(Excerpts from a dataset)
-- -- --

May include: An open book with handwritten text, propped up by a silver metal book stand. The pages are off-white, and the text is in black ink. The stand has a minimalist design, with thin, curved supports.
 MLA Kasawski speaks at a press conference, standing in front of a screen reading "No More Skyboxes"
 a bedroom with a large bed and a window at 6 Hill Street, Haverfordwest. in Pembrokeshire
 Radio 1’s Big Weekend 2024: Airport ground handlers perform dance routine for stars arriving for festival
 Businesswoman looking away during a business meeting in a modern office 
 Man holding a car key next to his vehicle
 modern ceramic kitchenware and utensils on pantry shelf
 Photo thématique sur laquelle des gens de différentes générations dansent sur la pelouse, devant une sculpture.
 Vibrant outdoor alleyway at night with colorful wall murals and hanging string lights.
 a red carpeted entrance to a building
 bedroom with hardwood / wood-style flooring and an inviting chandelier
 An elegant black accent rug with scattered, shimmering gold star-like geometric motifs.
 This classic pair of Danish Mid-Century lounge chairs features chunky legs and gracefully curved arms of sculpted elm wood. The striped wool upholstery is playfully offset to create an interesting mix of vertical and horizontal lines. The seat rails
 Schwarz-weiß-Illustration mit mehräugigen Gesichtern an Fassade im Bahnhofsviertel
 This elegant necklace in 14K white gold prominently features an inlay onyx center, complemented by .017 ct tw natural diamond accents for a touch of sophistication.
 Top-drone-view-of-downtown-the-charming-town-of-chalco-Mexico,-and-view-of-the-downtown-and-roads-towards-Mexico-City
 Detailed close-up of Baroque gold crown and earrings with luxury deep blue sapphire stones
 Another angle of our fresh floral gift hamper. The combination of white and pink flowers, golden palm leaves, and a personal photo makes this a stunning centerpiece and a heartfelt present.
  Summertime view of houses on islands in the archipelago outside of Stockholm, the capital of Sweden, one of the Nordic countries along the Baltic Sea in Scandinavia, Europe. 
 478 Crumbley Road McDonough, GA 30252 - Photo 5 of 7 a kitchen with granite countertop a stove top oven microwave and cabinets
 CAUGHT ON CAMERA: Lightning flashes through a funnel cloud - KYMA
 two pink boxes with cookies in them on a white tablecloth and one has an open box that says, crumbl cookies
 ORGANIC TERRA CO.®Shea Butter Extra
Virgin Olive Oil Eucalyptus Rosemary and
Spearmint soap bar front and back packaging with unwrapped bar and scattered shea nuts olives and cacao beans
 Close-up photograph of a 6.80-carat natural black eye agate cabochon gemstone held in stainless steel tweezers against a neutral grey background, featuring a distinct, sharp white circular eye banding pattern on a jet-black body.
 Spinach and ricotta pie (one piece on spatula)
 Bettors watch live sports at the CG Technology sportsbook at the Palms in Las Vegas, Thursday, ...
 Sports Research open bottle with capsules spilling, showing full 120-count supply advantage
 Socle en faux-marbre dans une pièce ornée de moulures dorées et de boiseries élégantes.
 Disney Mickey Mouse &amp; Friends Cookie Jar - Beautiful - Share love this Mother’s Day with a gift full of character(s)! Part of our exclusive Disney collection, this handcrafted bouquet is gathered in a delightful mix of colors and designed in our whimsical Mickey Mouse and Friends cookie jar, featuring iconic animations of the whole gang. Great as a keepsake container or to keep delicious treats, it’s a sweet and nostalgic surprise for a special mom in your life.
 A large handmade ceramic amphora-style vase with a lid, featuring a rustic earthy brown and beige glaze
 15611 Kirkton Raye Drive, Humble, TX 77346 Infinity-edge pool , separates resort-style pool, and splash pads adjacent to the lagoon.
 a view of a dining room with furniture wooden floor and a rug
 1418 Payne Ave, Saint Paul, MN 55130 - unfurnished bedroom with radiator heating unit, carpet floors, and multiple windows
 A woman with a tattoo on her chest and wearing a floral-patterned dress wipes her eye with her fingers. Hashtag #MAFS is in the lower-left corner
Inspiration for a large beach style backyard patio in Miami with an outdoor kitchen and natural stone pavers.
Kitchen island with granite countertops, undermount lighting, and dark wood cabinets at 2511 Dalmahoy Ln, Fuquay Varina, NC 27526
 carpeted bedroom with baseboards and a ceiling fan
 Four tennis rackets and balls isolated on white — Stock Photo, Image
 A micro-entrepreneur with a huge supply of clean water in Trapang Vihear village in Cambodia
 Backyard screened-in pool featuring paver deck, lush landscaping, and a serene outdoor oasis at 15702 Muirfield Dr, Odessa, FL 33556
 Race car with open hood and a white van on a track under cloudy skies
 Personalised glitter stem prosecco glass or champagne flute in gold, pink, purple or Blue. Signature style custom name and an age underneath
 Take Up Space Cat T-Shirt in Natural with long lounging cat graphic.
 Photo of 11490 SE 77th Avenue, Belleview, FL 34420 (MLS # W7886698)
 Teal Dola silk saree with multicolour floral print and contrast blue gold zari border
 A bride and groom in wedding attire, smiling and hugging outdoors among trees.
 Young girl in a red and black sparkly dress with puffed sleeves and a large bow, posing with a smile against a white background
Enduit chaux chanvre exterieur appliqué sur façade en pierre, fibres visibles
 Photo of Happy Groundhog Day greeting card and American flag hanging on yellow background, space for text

-- -- --

**WHAT YOU HAVE TO DO:** Print, from the entries above, the line with "MLA Kasawski speaks", the line with "Another angle of" and all lines between them, exactly and with nothing else.

**EXERCISE ANSWER:**
 MLA Kasawski speaks at a press conference, standing in front of a screen reading "No More Skyboxes"
 a bedroom with a large bed and a window at 6 Hill Street, Haverfordwest. in Pembrokeshire
 Radio 1’s Big Weekend 2024: Airport ground handlers perform dance routine for stars arriving for festival
 Businesswoman looking away during a business meeting in a modern office 
 Man holding a car key next to his vehicle
 modern ceramic kitchenware and utensils on pantry shelf
 Photo thématique sur laquelle des gens de différentes générations dansent sur la pelouse, devant une sculpture.
 Vibrant outdoor alleyway at night with colorful wall murals and hanging string lights.
 a red carpeted entrance to a building
 bedroom with hardwood / wood-style flooring and an inviting chandelier
 An elegant black accent rug with scattered, shimmering gold star-like geometric motifs.
 This classic pair of Danish Mid-Century lounge chairs features chunky legs and gracefully curved arms of sculpted elm wood. The striped wool upholstery is playfully offset to create an interesting mix of vertical and horizontal lines. The seat rails
 Schwarz-weiß-Illustration mit mehräugigen Gesichtern an Fassade im Bahnhofsviertel
 This elegant necklace in 14K white gold prominently features an inlay onyx center, complemented by .017 ct tw natural diamond accents for a touch of sophistication.
 Top-drone-view-of-downtown-the-charming-town-of-chalco-Mexico,-and-view-of-the-downtown-and-roads-towards-Mexico-City
 Detailed close-up of Baroque gold crown and earrings with luxury deep blue sapphire stones
 Another angle of our fresh floral gift hamper. The combination of white and pink flowers, golden palm leaves, and a personal photo makes this a stunning centerpiece and a heartfelt present.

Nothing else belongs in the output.